Tony Emeh, secrétaire général adjoint de l’Association des banques, assurances et institutions financières (ASSBIFI), explique qu’une directive a été transmise aux banques pour qu’elles ferment les agences qui ne peuvent pas servir le public. « Pour une agence qui n’a pas d’argent liquide pour charger son distributeur automatique ou pour payer ses clients, il est trop risqué d’ouvrir. Pourquoi ouvrir ? Pour voir l’agence brûler ? »
Faillite du système
Les partisans de la politique de la CBN affirment qu’elle permettra de freiner l’achat de votes par les politiciens le jour des élections, et que l’opposition à cette politique provient principalement du parti au pouvoir, le All Progressives Congress (APC) dont les gouverneurs ont intenté un procès à la banque centrale. Le candidat du parti, Bola Tinubu, a déclaré lors d’un meeting de campagne que la politique monétaire le visait.
À l’issue d’une réunion avec les gouverneurs de l’APC, le président Muhammadu Buhari a déclaré que la CBN lui avait assuré que l’échange de naira se ferait sans heurts, et qu’il « irait voir ce qui se passe réellement ».

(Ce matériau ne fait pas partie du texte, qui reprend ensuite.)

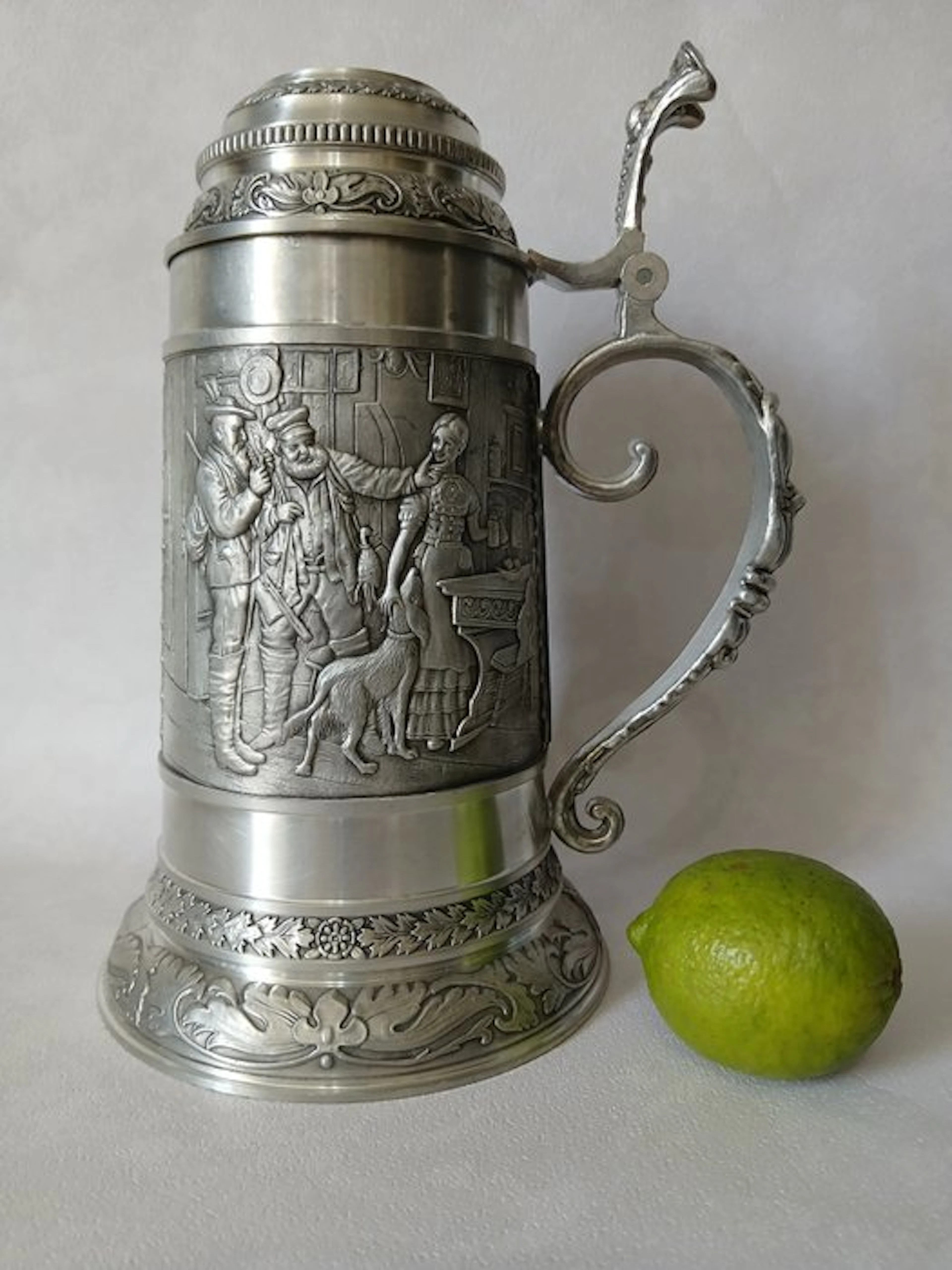 zinn Becker - Beer mug - Tin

Le 8 février, la Cour suprême du Nigeria a ordonné la suspension de la date limite pour l’échange des billets en naira (31 janvier) et a fixé au 15 février la date du prochain examen de cette question. Tinubu a depuis salué la décision et a exhorté la CBN à prendre « toutes les mesures nécessaires pour assurer une disponibilité suffisante de billets [qu’ils soient anciens ou nouveaux] ».
« Les Nigérians ordinaires ne peuvent pas accéder à leur propre argent durement gagné. Est-ce ainsi qu’on dirige un pays ? Peut-être devrions-nous fermer l’ensemble du système et recommencer depuis le début », constate, amer, Godson Ahuchaogu.